Personellement, j’aime bien ce concept, parce que ça correspond à un mélange parfait de mécanique des fluides, d’optoélectronique, d’électronique de puissance (power electronics), de design CAD, et d’art en fait (en terme potentiel de sculpture variable selon son axe), et finalement de design the page cette page web. En plus, ce design reste simple et pourrait être construit facilement dans une garage avec des outils de base (quoiqu’avec cette page web, j’ai décidé d’aller de l’avant et de faire un design 3D et éventuellement utiliser une imprimantes 3D pour le prototype, et ‘sand casting’ pour le produit final, probablement en aluminium.

Mon but est de garder le tout ‘open hardware’ et ‘open source’: de A à Z. C’est toujours un peu inquiétant de mettre quoi que ce soit libre d’accès, en terme de brevets, mais en fait, ce qui m’est devenu évident à force de tergiverser sur ce concept, qu’il y a en fait une infinité de concepts potentiels qui peuvent émaner de la base de cette idée... Etant donné que les changements climatiques deviendront un problème de plus en plus dramatique d’ici la fin du siècle, de voir une idée copiée de multiples façons me semble intéressant, en somme.
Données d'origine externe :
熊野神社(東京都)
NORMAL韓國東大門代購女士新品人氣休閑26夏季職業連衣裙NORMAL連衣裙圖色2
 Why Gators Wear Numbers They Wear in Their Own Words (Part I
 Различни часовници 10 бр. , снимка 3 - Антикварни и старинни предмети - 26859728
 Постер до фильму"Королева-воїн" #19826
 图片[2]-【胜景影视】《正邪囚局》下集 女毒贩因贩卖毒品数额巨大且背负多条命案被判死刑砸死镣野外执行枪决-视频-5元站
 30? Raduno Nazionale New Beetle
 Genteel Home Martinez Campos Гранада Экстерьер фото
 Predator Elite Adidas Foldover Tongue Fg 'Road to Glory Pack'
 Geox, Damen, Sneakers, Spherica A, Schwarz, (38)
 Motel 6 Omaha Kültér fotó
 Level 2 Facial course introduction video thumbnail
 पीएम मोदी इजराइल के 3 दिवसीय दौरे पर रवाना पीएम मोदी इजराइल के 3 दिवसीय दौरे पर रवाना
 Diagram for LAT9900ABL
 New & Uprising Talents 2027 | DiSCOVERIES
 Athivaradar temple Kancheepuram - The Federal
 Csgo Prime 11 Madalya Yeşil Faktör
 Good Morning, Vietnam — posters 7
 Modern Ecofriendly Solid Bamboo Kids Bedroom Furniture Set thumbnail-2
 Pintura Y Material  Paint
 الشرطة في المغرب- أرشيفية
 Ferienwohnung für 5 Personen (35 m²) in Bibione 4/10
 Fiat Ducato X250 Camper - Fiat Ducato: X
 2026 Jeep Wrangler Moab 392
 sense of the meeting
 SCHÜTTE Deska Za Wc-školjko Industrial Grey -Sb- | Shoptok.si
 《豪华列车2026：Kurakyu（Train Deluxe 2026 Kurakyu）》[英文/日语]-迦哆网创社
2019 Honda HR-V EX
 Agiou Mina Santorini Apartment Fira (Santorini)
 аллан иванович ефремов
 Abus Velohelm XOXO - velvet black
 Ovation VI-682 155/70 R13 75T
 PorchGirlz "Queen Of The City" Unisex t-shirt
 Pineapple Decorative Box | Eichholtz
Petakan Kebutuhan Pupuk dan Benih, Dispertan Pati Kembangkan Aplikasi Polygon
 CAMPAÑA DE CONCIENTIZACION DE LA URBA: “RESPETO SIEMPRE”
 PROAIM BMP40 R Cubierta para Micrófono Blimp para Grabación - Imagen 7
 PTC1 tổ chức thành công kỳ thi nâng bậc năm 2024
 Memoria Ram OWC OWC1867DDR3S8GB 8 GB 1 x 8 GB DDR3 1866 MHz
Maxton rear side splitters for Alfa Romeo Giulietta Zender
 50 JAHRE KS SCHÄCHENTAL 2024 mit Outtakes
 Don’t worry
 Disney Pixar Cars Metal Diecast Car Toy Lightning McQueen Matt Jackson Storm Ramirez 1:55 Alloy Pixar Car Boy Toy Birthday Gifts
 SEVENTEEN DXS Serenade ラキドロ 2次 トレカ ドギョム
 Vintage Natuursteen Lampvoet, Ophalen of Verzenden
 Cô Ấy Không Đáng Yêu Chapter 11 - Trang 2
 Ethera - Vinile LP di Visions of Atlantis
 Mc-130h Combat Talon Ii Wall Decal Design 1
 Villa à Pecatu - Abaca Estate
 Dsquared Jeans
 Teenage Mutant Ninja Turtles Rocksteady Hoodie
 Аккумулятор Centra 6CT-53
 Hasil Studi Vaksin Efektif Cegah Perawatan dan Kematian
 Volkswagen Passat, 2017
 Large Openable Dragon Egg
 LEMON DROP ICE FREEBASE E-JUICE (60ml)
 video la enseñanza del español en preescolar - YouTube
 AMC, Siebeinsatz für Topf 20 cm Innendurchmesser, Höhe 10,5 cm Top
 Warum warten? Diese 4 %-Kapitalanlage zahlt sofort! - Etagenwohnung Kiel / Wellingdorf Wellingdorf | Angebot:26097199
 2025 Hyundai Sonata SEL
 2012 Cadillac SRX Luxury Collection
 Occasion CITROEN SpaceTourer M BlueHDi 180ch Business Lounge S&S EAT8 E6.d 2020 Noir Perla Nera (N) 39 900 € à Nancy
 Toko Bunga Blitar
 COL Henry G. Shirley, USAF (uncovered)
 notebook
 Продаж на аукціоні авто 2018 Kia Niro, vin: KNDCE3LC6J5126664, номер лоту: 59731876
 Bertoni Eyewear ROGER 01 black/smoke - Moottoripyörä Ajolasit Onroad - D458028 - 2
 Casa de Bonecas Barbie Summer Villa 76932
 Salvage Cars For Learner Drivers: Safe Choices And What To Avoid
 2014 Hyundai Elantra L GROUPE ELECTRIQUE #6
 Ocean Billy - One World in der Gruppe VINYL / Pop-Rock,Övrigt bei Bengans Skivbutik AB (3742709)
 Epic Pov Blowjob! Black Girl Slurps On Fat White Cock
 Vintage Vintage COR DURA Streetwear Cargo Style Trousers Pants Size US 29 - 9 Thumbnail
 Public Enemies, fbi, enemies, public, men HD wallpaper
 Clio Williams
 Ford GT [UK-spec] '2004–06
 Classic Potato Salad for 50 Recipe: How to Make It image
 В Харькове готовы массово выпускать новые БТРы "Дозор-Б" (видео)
Soit dit en passant, en termes de changements climatique, j’ai décidé de garder le tout (en tout case, pour l’instant) en français. La réalité actuelle des USA, en 2026 (où je vis en ce moment), est que le ‘climate denialism’ est la philosi=ophie dominante. Je ne vois donc pas, en ce moment, l’intérêt de discuter d’un tel design qui offre une solution aux changements climatiques, en anglais. De toute façon, Google Translate est pas mal, s’il y a intérêt du côté anglais américain…

La partie ‘Cogitation’ contient une série de tests que j’avais fait par temps perdu, en utilisant des matériaux simples. La section CAD (conception assistée par ordinateur) est plus sérieuse, et constitue le travail présent (en 2026 jusqu’à 2032, par temps perdu, encore). J’avais écris les codes en Fortran, et je vais transformer le tout en Python3, et mettre tous les codes sur github/eolevoltaique. Le premier modèle complet que j’ai en tête, est ce que j’appelle ‘La Taïk à Cinq Spirales’. Je compte voir ce prototype en chair et en os, d’ici 2032 (un travail fait par temps perdu). Une fois la Taïk à Cinq Spirales faite, il sera facile de passer à la Taïk à 3, 4, ou même 7 spirales. Plus il y a de pales, plus il y a de courant direct photovoltaïque…

Le nom ‘Taïk’ fait évidemment référence à la partie photovoltaïque de éoliennes.